The more recent addition to the Eau Claire art show scene is the Artist Market of Eau Claire. The market was created by Roesler and Jamie Kyser, co-owners of downtown arts collective Tangled Up in Hue, 416 S. Barstow St. The pair had exhibited in a tent adjacent to the Saturday-morning farmers market in the past, but were limited to doing so a few time a year. Believing there was a demand for a more frequent, larger art market in Eau Claire, they pursed the idea of creating the Artist Market. A maximum of 25 venders at a time display their creations. (The markets will be held on 11 Saturdays between May and October this year.)


The Open Air Festival of the Arts brings buyers and sellers of art together in Phoenix Park each summer.
The Open Air Festival of the Arts brings buyers and sellers of art together
in Phoenix Park each summer.

Location, Location, Location

Roesler said she and Kyser had to work hard to convince the city and the farmers market that their Artist Market should be allowed to share time and space at the park. Some naysayers worried that allowing more art sales would cut down business for the farmers selling their goods, a contention Roesler disagreed with.

“Our argument is that if you come down to buy tomatoes, you’re still going to buy tomatoes,” she said. She noted that farmers and artists markets co-exist well in many Midwestern cities. In addition, being located in Phoenix Park, as opposed to somewhere such as the smaller Wilson Park downtown, was critical to the market’s success.

“If we wouldn’t have been able to do that, it wouldn’t have been sustainable,” she said of the Phoenix Park location.

Art Crawl organizers agreed that location is vital to the survival of their event as well.

“If you took that to the mall it just would not be successful,” said Hamm, the Art Crawl committee member. “It’s the feeling, the ambiance of the whole thing.” Much of that draw hinges on visitors being able to explore the studios of painters, glassblowers, stained glass artists, and others who make their home in Banbury Place.

Artistic Judgements

But dozens of outside artists also bring their wares to Banbury Place to take part in the crawl. Space at Banbury’s Building 13 is limited, and after this year’s Art Crawl some organizers began to push to make the event more choosy about who is allowed to participate. Some argued that the crawl should be juried – that a panel should judge the quality of each artist’s work before allow him or her to participate. However, taking such a step raises questions about artistic judgment, exclusivity, and whether jurying would cut into the event’s artistic diversity.

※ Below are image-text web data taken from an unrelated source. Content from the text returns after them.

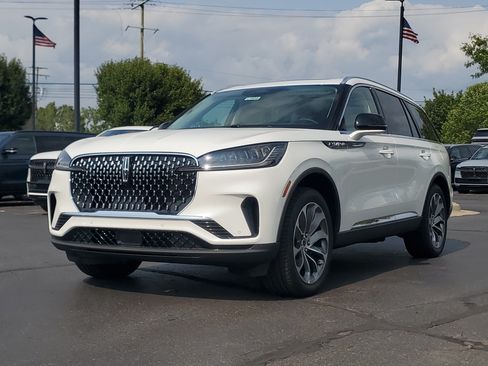 New 2026 Lincoln Aviator AWD image 2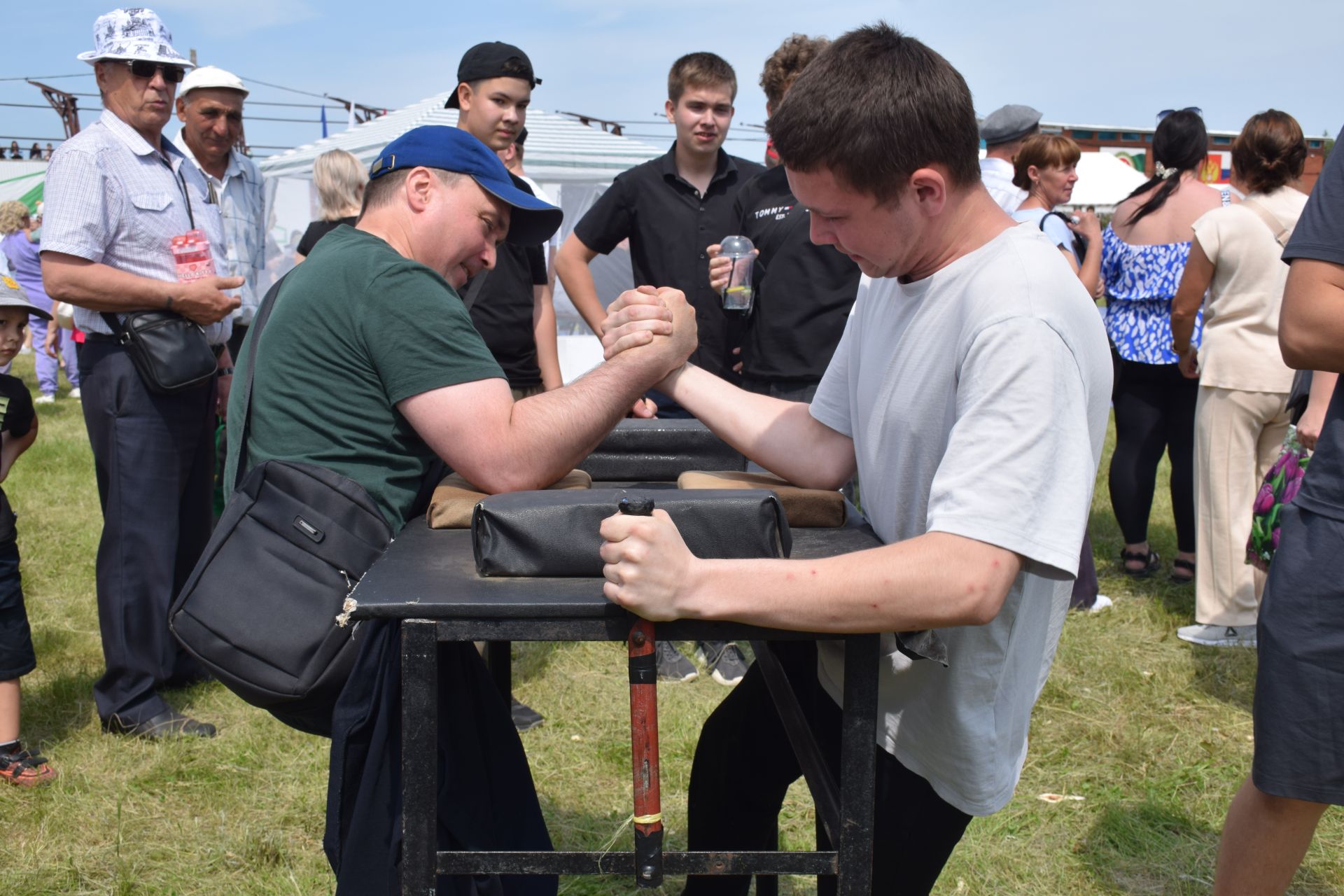 Захит Зядитов из Нового Иглайкина покорил 12-метровый шест на Сабантуе в Нурлате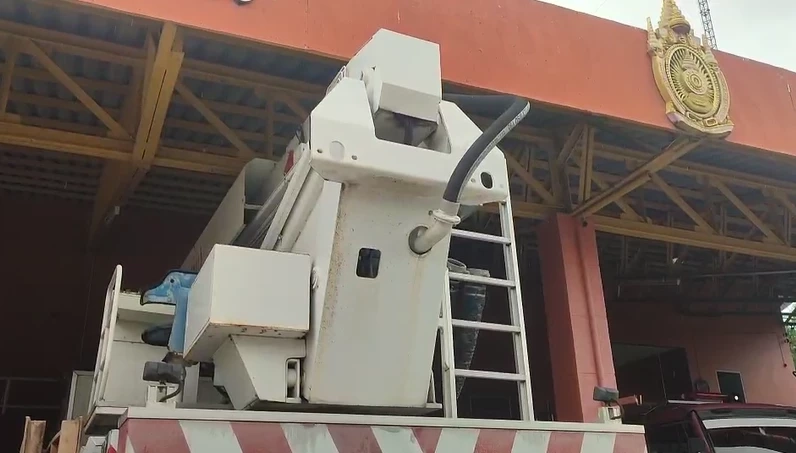 แฉเทศบาลประจวบฯ ซื้อรถดับเพลิงหรู 40 ล้าน แต่ใช้งานไม่ได้ ถูกจอดทิ้งมา 10 ปี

“There’s work being accepted to these shows now that never would have been accepted 15 or 20 years ago,” – Allan Servoss, a painter from New Auburn

Shafer, the painter and committee member, would prefer to keep the event first-come, first-served for exhibitors. Considering that everyone has a different perspective about what fine art is, she said it’s questionable whether jurying the show would improve the quality of the work on display.

However, Hamm – also a committee member – believes the Art Crawl should have tighter standards.

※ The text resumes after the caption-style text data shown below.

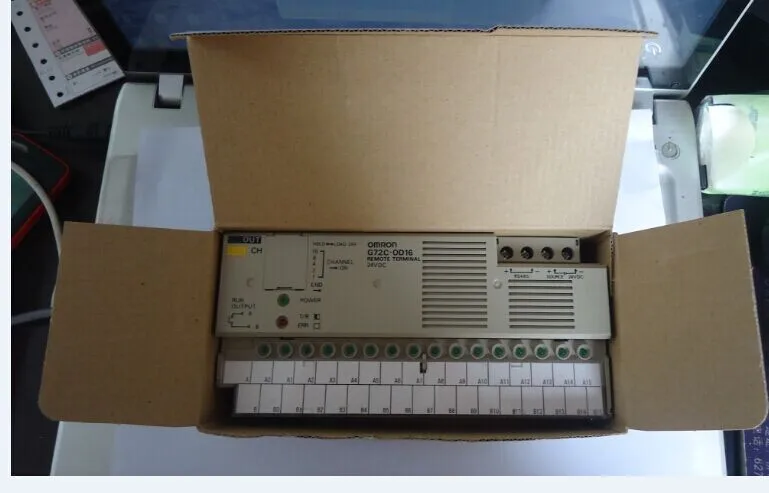 

OMRON programming controller module G72C-ID16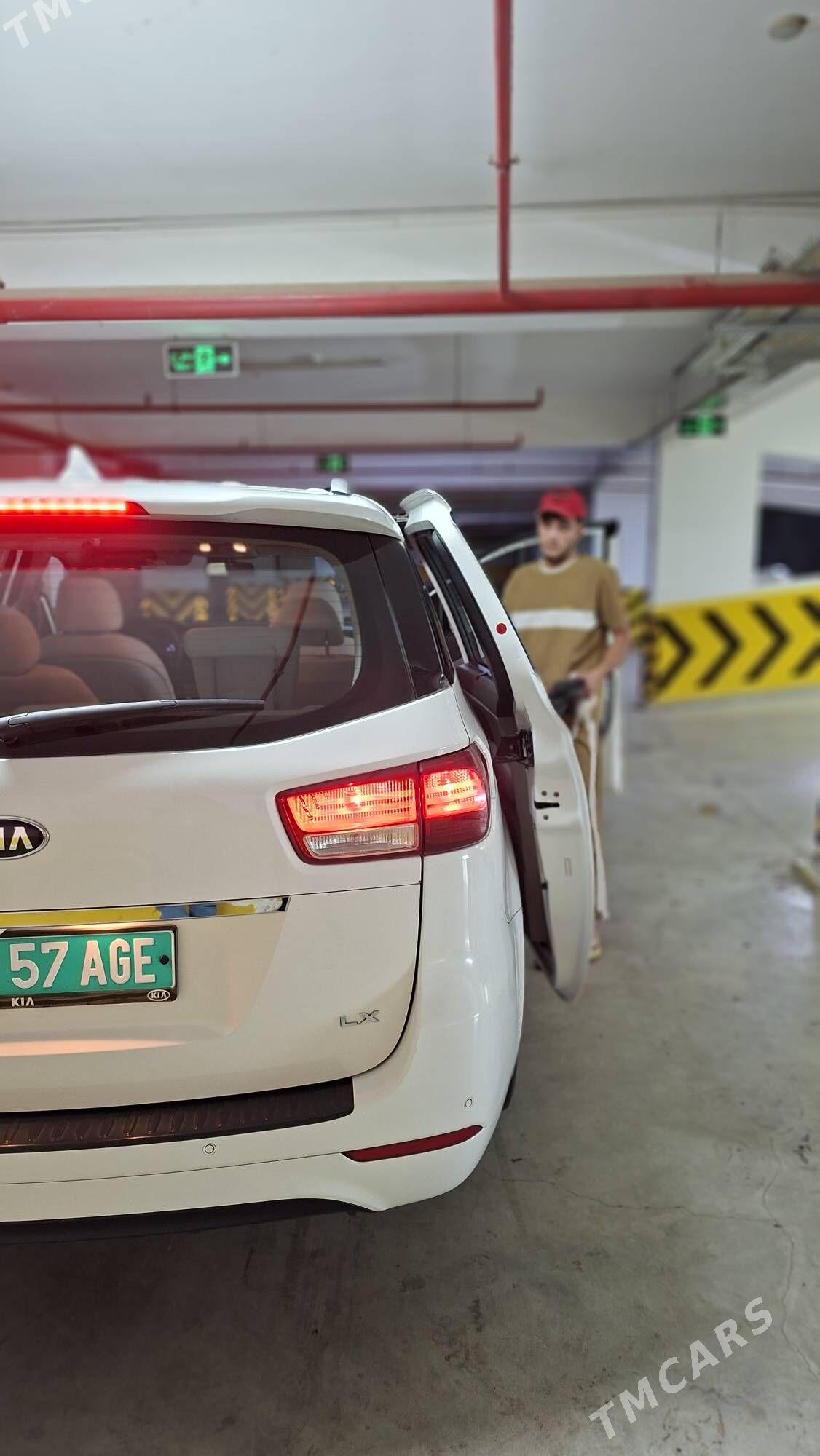 Kia Sedona 2015 - 340 000 TMT - Чоганлы - img 8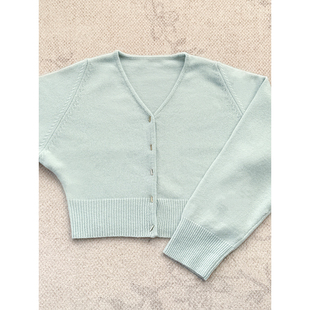 NANASTORE纯色针织开衫女2024冬季新款V领修身显瘦短款外套毛衣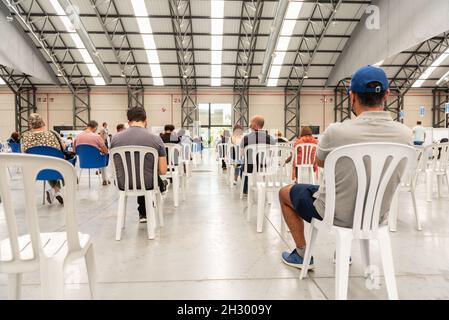 13. Juli 2021, vigo- spanien, 19 Impftag in den ifevi-Einrichtungen in Vigo. Zweiter Impfstoff für Menschen. Stockfoto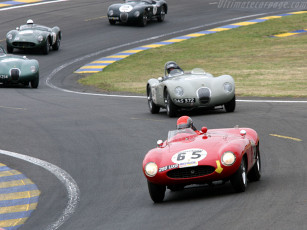 Картинка спорт автоспорт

“I think it definitely should be juried,” Hamm said. “That’s the only way to keep the quality up.” While acknowledging some people would disagree with her assessment, she added that “We don’t want (exhibitors) who just glue things on a board.”

Organizers ultimately decided not to jury the show, but to be somewhat more selective in deciding who will be allowed to take part. It remains to be seen whether that will prompt patrons to be more – or less – selective in opening their wallets.

UPCOMING ART EVENTS

Artist Market of Eau Claire
Markets will be held 7:30am-1pm at Phoenix Park in Eau Claire on the following Saturdays: May 18, June 1, June 15, July 13, July 27, Aug. 10, Aug 24, Sept. 7, Sept. 21, Oct. 5, and Oct. 19.

Banbury Art Crawl
Feb. 7 and 8, 2014, in Building 13 at Banbury Place, off Galloway Street in Eau Claire.

Open Air Festival of The Arts
Saturday, June 8, at Phoenix Park in Eau Claire.

Solstice On Grand Faire
Saturday, June 15, on the Lawn of the Cook-Rutledge Mansion in Chippewa Falls.